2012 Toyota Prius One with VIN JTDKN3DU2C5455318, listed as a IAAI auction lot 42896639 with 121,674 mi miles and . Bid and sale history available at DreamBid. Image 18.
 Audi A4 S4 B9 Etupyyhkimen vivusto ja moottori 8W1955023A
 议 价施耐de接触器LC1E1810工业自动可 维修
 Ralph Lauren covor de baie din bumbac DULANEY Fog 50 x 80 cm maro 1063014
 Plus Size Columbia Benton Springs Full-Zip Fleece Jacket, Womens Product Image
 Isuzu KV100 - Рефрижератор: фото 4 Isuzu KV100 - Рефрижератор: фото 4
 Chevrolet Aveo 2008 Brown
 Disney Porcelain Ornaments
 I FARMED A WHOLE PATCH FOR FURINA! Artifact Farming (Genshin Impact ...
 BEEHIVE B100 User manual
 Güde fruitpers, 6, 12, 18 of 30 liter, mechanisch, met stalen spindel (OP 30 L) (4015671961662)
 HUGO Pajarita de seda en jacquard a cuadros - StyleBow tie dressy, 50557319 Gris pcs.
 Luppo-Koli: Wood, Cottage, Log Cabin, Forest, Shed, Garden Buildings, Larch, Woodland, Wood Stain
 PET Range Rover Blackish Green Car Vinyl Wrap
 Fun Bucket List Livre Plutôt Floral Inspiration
-*-
Going through the material, count each line that carries the word "Image", and output only that count.

2